[EXERCISE] Every line from the one with "Now all the" up to and including the one with "contact Cox Customer" is to be output exactly as it appears below; pictures are not.

[RAW DATA]
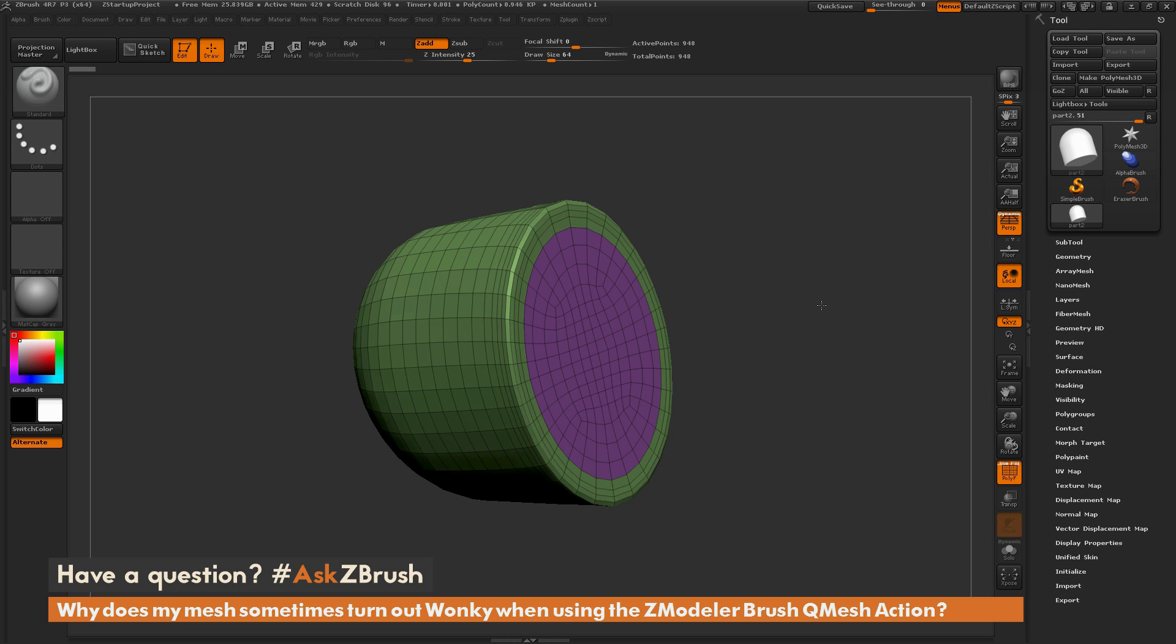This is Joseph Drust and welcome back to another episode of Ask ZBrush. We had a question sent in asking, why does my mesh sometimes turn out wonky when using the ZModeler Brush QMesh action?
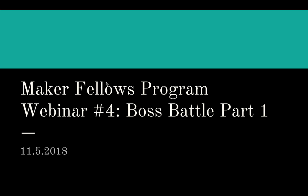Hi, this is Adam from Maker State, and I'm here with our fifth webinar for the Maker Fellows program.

---

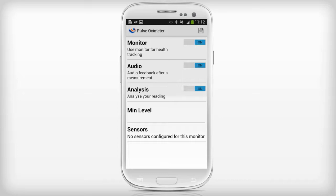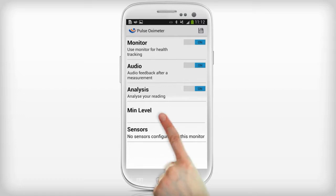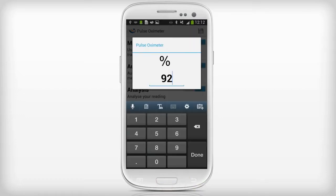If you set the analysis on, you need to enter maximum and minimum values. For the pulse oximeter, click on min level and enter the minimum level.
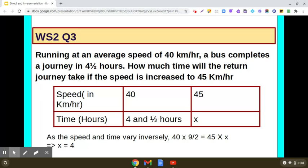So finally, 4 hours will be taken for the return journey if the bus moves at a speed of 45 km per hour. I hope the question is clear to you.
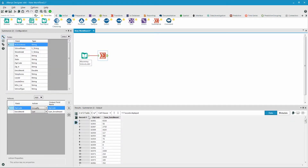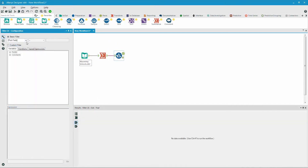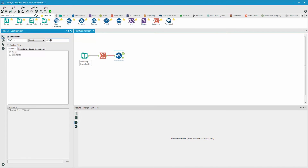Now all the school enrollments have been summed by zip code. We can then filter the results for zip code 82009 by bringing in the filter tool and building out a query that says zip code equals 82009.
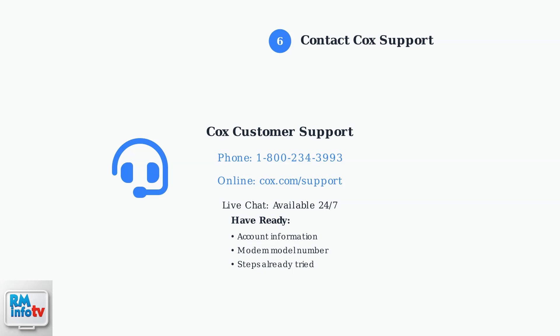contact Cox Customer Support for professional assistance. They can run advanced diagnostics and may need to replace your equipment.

[SOLUTION TO THIS EXERCISE]
Now all the school enrollments have been summed by zip code. We can then filter the results for zip code 82009 by bringing in the filter tool and building out a query that says zip code equals 82009.
contact Cox Customer Support for professional assistance. They can run advanced diagnostics and may need to replace your equipment.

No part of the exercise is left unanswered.